2. When you want to excite or persuade, use storytelling, analogies, metaphors, props and – sparingly – slides with pictures and limited text. People are more likely to agree with a message packaged as a story than the same message packaged as a list of facts. Distractions from the story, like lengthy text on a slide, interfere with the storytelling effect.
3. When you want to drive a decision-making meeting, like with executives, use a whiteboard or flip chart. Research shows visuals help people express different perspectives and understand differing viewpoints with less conflict. Without visuals, assumptions remain hidden and disagreements become more heated and personal.
For years I have avoided the use of PowerPoint and have gravitated towards storytelling and whiteboards for my sales meetings. This was instinctive on my part, but after reading Gabrielle’s research the reasons are obvious.

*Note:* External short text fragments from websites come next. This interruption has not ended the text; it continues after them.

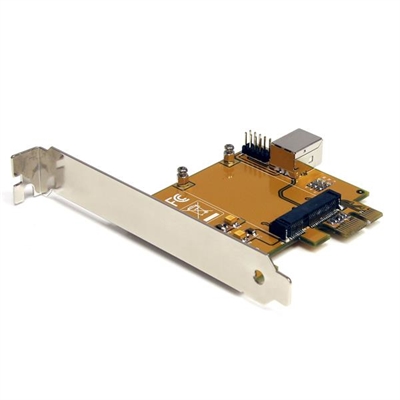 Startech PEX2MPEX Tarjeta Adaptadora Pci Express Pcie A Mini Pci-E - Tipología Genérica: Tarjeta Pci-E; Tipología Específica: Tarjeta Pci-E; Funcionalidad: Añadir Puertos Pci; Color Primario: Oro; Material: Plástico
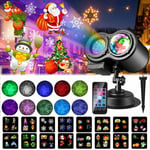 Lampe Projecteur led Noël avec 16 diapositive Projecteur Lumière Étanche Décoration pour Intérieur Extérieur Fête Noël Halloween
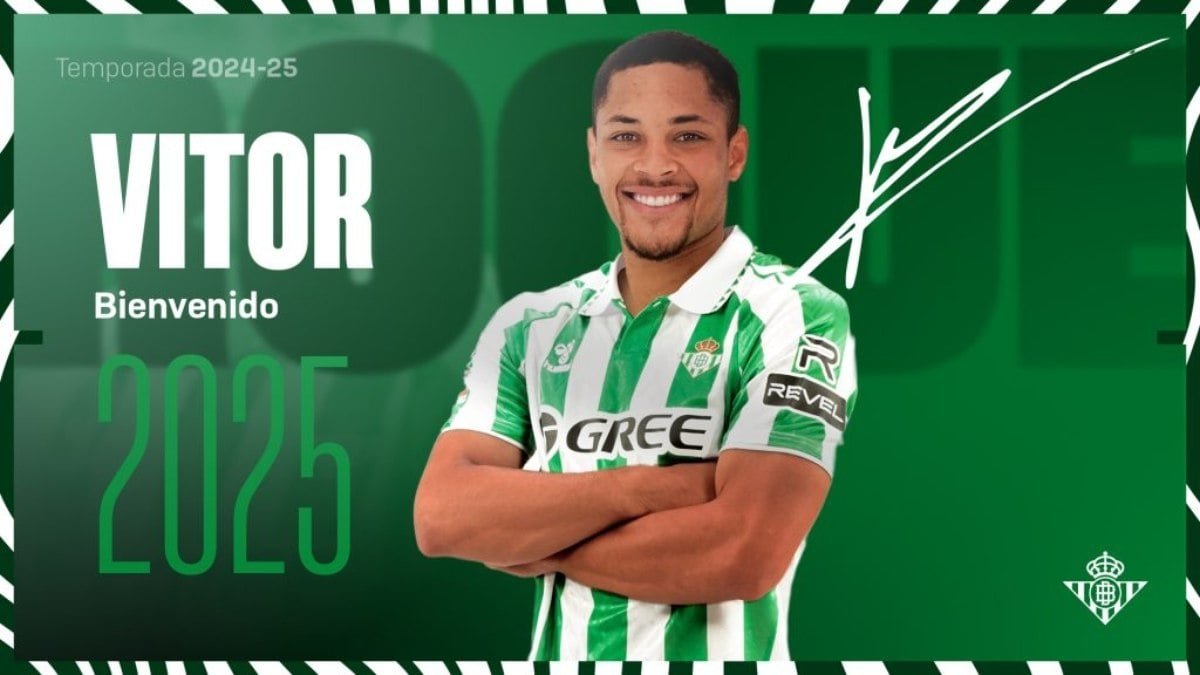 Vitor Roque é anunciado pelo Real Betis em um contrato de empréstimo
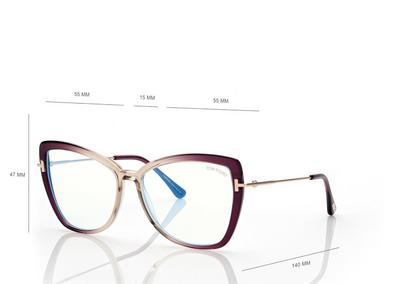 BLUE BLOCK BUTTERFLY OPTICALS image number 3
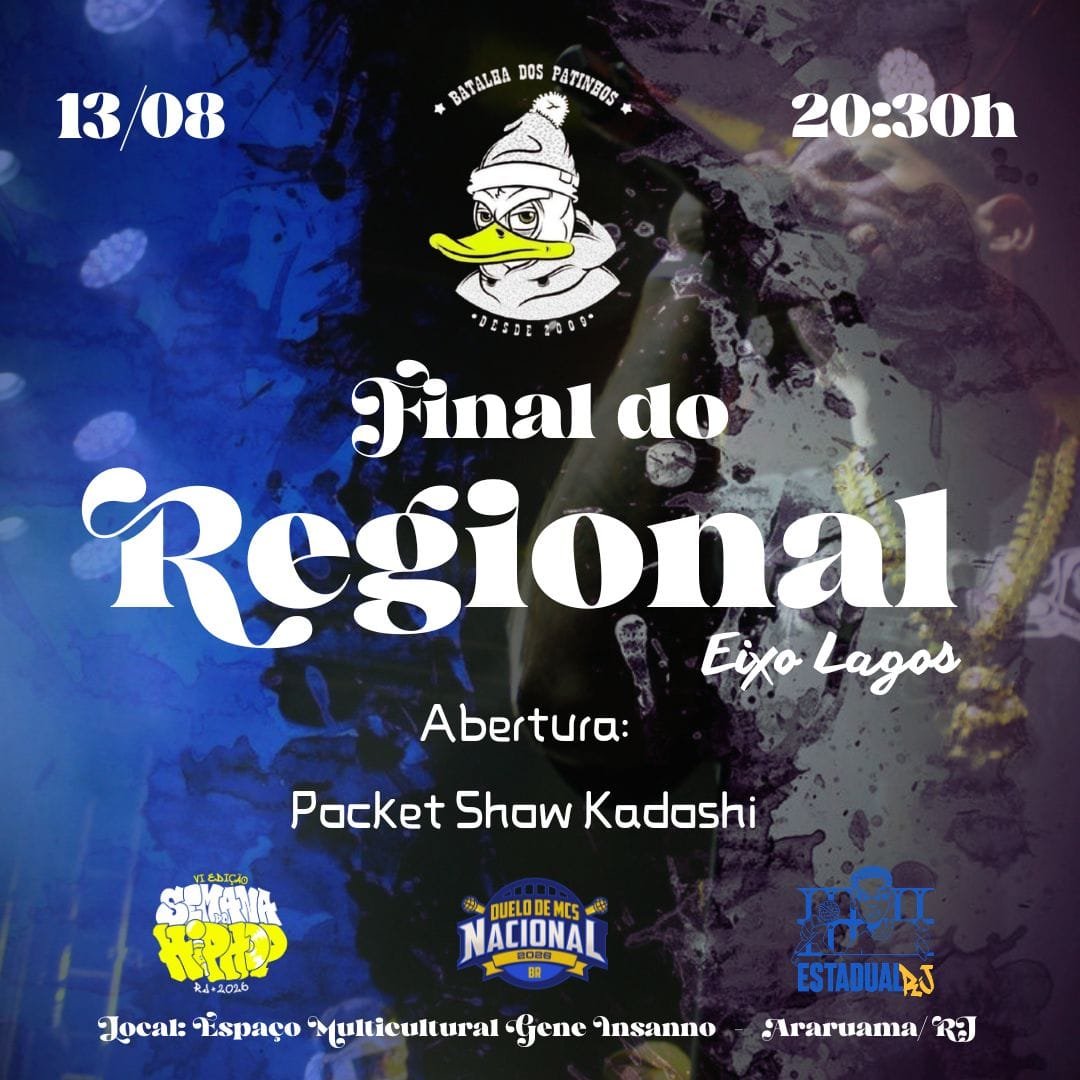 Araruama recebe final regional do circuito do Duelo Nacional de MCs
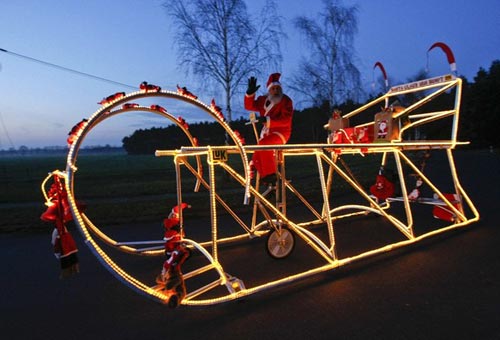 Santa Bicycle Sleigh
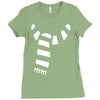 scarf Ladies Fitted T-Shirt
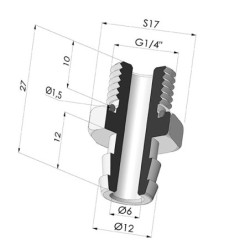 Abtrennbarer Halter AG G1/4"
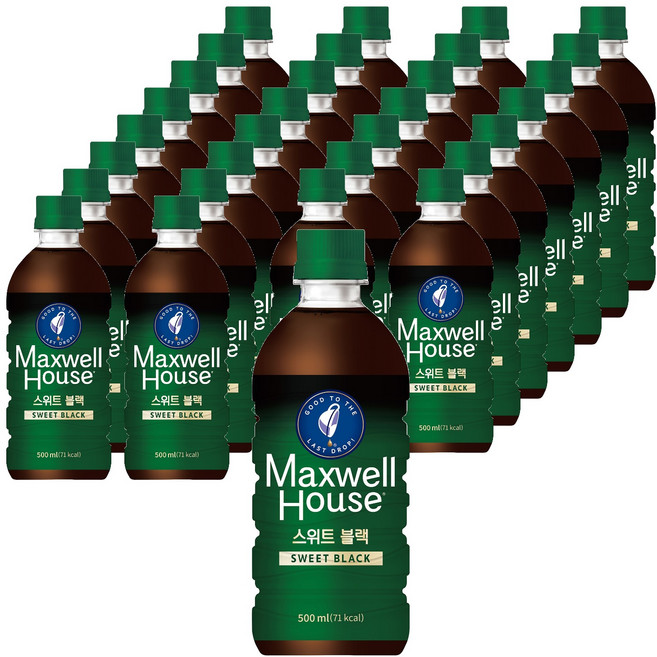맥스웰하우스 스위트 블랙, 500ml, 48개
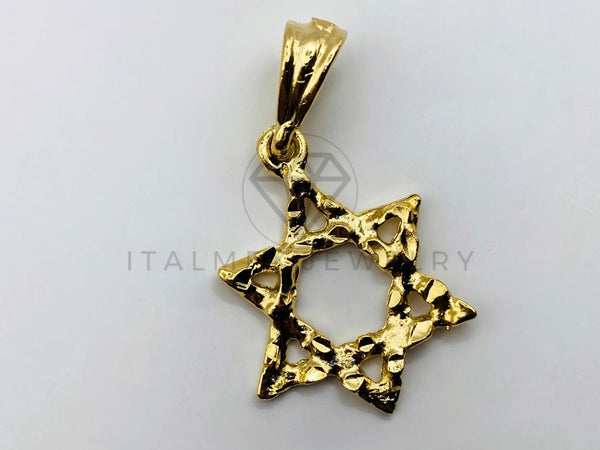 Dije de Lujo - 104202 - Dije de Estrella de David - Oro Laminado 18K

I usually conduct the overwhelming majority of my business over the phone. And because PowerPoint is not convenient for early stage phone meetings, I have crafted a storytelling approach to my initial sales meetings. In these meetings I talk to my prospects about the challenges I experienced at a major technology company with poor quality leads and how when I started ProSales Connection I heard over and over again the issues companies faced with generating quality sales leads and real sales meetings. Then, I talk about how we listened to their problems and built a business around solving these pain-points with a new process and commitment to quality and service.
At this point in the process my goal is simply to build rapport, demonstrate competence as well as excite and persuade my prospect that there is something different about our company and the services we offer our clients.
If the client is not sold yet and more conversations are needed before a commitment can can be made, I will schedule either a face-to-face meeting or virtual meeting and we will use a whiteboard or flip chart to help them build the business case for acquiring our services.
In one of Gabrielle’s sources, “Seeing versus Arguing The Moderating Role of Collaborative Visualization in Team Knowledge Integration”, by Jeanne Mengis and Martin J. Eppler (University of Lugano, Switzerland), the authors create a diagram that could be used as a guideline for any sales person seeking a decision from either a prospect or even when driving internal decisions inside their organization.
This is similar to the approach I find effective. Regardless of the model you leverage, the whiteboard allows you to capture commitments, however small, as you lead the prospect through the decision making process. These small decisions should support your larger objective and if you plan your approach carefully, should make a favorable decision self-evident.
As for PowerPoint, there is still a place for it as a tool to educate and inform or report out on data that needs to be summarized and consolidated. However, in my opinion it is a terrible tool for selling. Sales professionals should be looking for ways to create a story or narrative that gets prospects excited about their product or solution and then drive decisions with the use of whiteboards and flip charts.
How do you use stories and/or whiteboards to win new business?